What about the reverse? How does the Bluetooth stack receive packets at 20Mbps to 25 Mpbs from the 802.11 stack?
That part of the Bluetooth stack is not standardised. So if a mobile phone manufacturer did nothing in their 3.0 implementation to address this, you might have performance issues. You must make changes to this layer to perform at high speeds with 3.0, by adding resources for queuing.

How big a problem is that technically?
It's well within the developers capabilities to address these issues.


What parts of the stack do I have to look at to optimize performance?
This is simply the same exercise you would go through for Bluetooth as you would for adapting your network stack for gigabit Ethernet. You are on familiar ground here.

What will users see?
Clearly, to benefit from the high speed connection, you'll need two devices with the new 3.0 silicon, e.g. a smartphone trying to send five to ten jobs to a PC. Users will be be shown a simple menu option on their smartphone, saying "send to Bluetooth" or a simple Bluetooth menu.

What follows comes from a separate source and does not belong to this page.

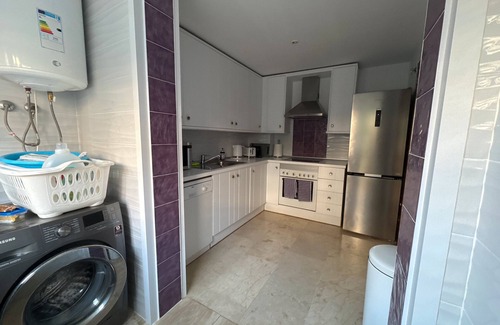 Punta Prima Apartment | "Spacious ground floor apartment" with Shared Pool, Terrace & Wi-Fi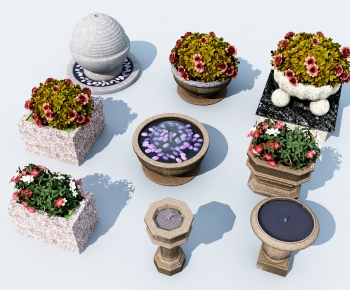 Modern Flower Bed, Flower Bowl, Flower Box-ID:827599051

They would go through the same motions as they do now, in transferring data but it would just happen faster.


When will they see it?
Nine to 12 months is the time frame, according to the Bluetooth SIG. If you are wanting a smartphone with Bluetooth and 802.11, you'll have to wait for the next version of the phone to come out. I am sure the manufacturers and providers will rush to get these on the shelves as quickly as they can when the technology is available.